Task:
Copy out every entry that follows, without a single picture.

■ ■ ■ ■

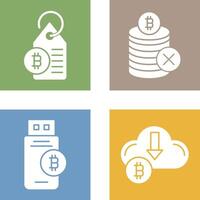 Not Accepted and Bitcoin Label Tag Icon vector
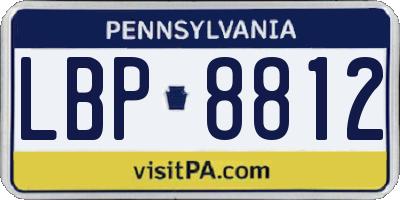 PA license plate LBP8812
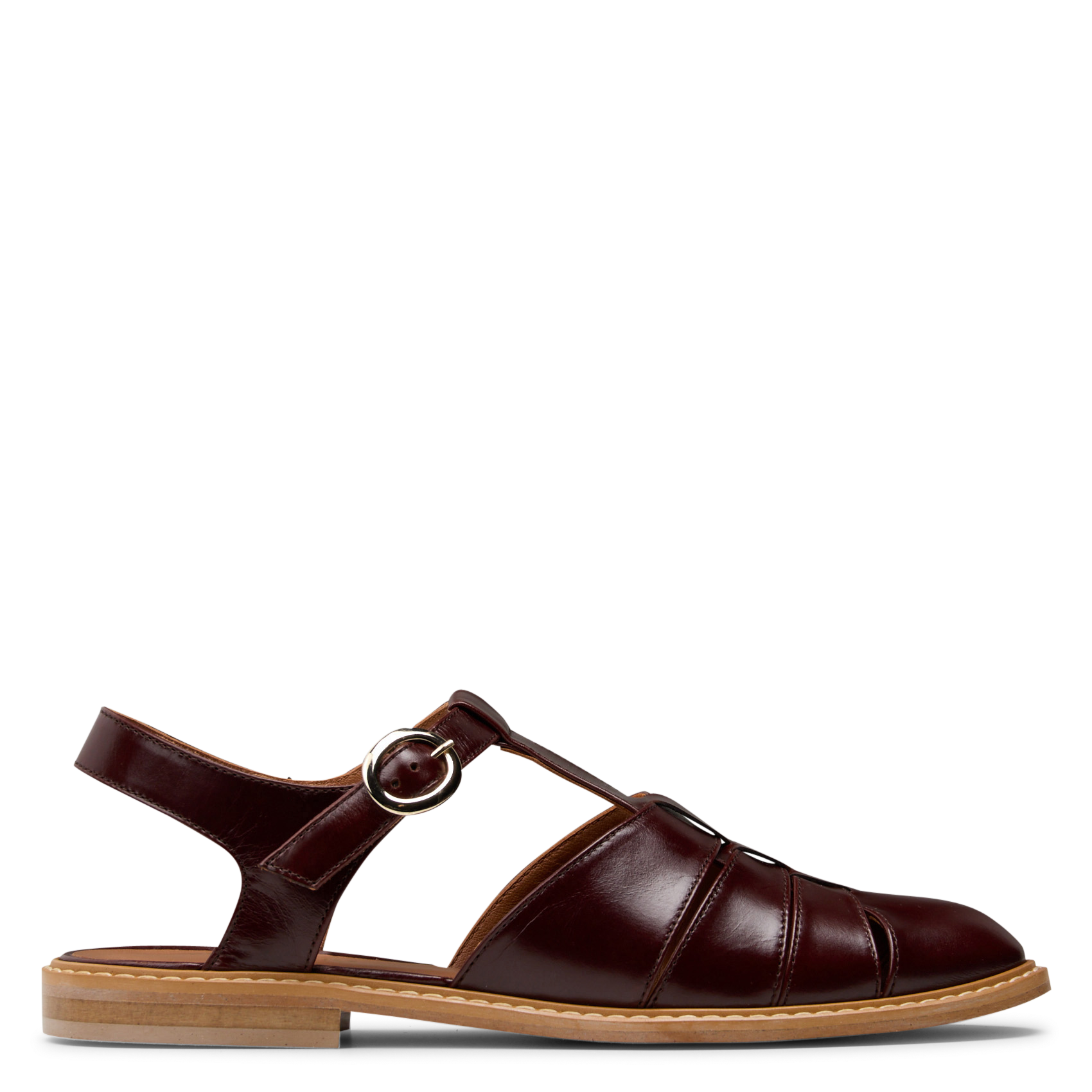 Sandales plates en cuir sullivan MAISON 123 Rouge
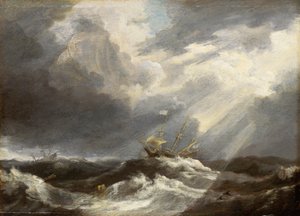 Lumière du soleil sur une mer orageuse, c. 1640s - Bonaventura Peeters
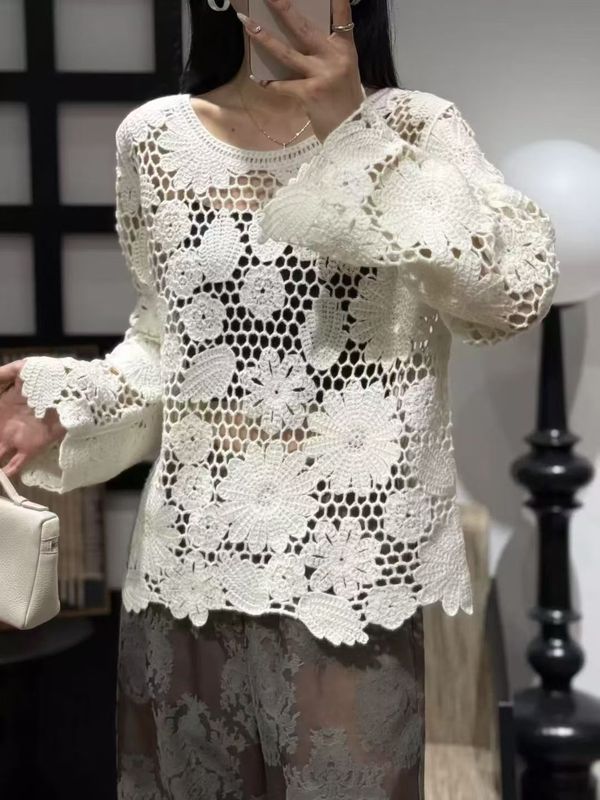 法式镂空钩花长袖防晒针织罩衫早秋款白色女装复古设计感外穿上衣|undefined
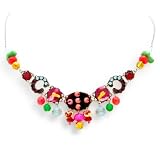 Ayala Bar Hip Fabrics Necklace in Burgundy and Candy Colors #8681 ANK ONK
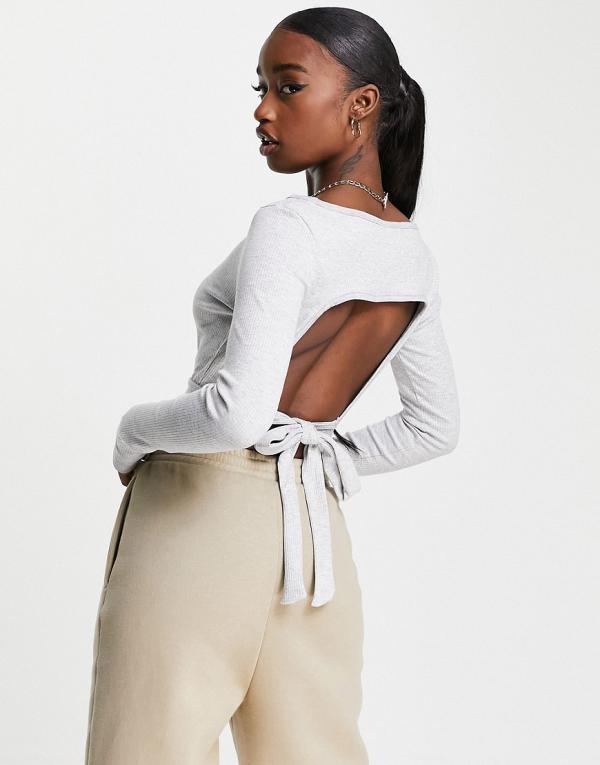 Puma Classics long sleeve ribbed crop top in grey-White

■ ■ ■ ■

Solution:
 Not Accepted and Bitcoin Label Tag Icon vector
 PA license plate LBP8812
 Sandales plates en cuir sullivan MAISON 123 Rouge
 Lumière du soleil sur une mer orageuse, c. 1640s - Bonaventura Peeters
 法式镂空钩花长袖防晒针织罩衫早秋款白色女装复古设计感外穿上衣|undefined
 Ayala Bar Hip Fabrics Necklace in Burgundy and Candy Colors #8681 ANK ONK
 Puma Classics long sleeve ribbed crop top in grey-White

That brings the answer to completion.